Output every record exactly and leave each picture out.
*** Data supplied ***
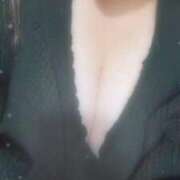 りりあ 待ってます♡ ぽっちゃり巨乳素人専門横浜関内伊勢佐木町ちゃんこ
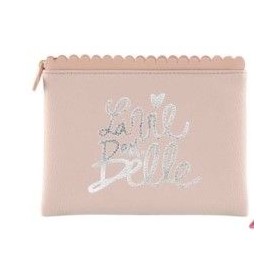 Trousse à tout PAIX - La...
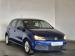 Volkswagen Polo Vivo hatch 1.4 Trendline - Thumbnail 2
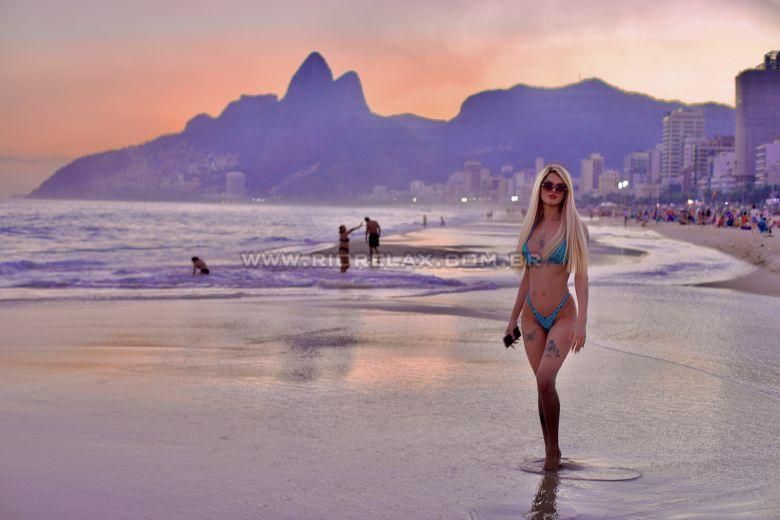 shemale RJ Helena Vasconcellos 6f8e0f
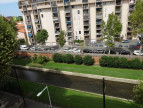 à vendre Appartement en résidence Perpignan
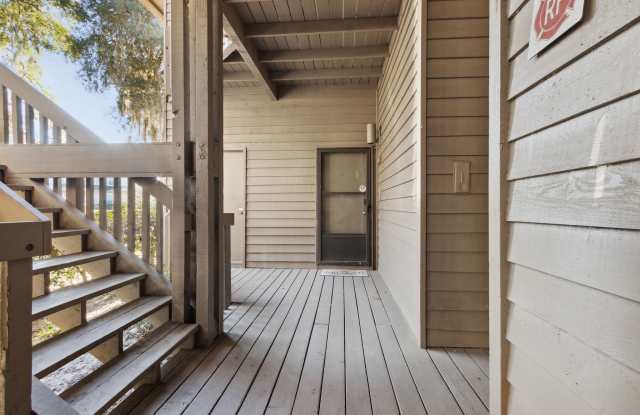 3165 Ravines Road - #3601#3601452 Palmetto Road Gallery 2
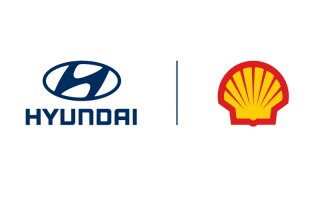 现代汽车与壳牌签署全新合作协议 持续践行“2025战略”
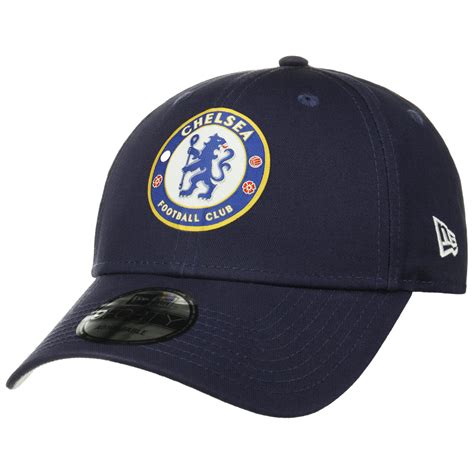 For the latest news on chelsea fc, including scores, fixtures, results, form guide & league position, visit the official website of the premier league. 9Forty Classic Chelsea FC Pet by New Era - 22,95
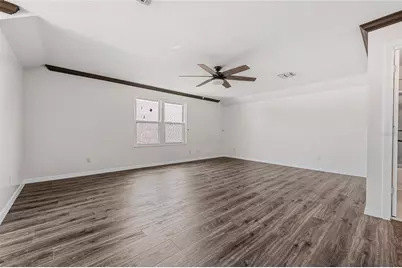 13932 Florigold Drive, Windermere, FL 34786 - Photo 29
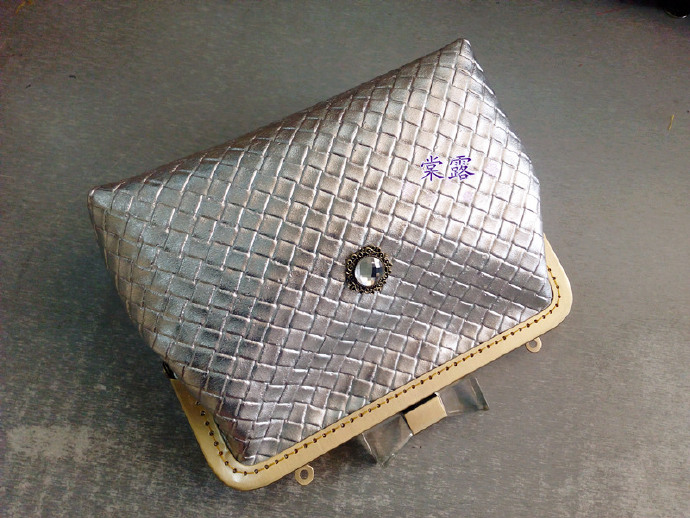 77515-5.jpg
*** End of Data supplied ***
§ **Response for this exercise**:
 りりあ 待ってます♡ ぽっちゃり巨乳素人専門横浜関内伊勢佐木町ちゃんこ
 Trousse à tout PAIX - La...
 Volkswagen Polo Vivo hatch 1.4 Trendline - Thumbnail 2
 shemale RJ Helena Vasconcellos 6f8e0f
 à vendre Appartement en résidence Perpignan
 3165 Ravines Road - #3601#3601452 Palmetto Road Gallery 2
 现代汽车与壳牌签署全新合作协议 持续践行“2025战略”
 For the latest news on chelsea fc, including scores, fixtures, results, form guide & league position, visit the official website of the premier league. 9Forty Classic Chelsea FC Pet by New Era - 22,95
 13932 Florigold Drive, Windermere, FL 34786 - Photo 29
 77515-5.jpg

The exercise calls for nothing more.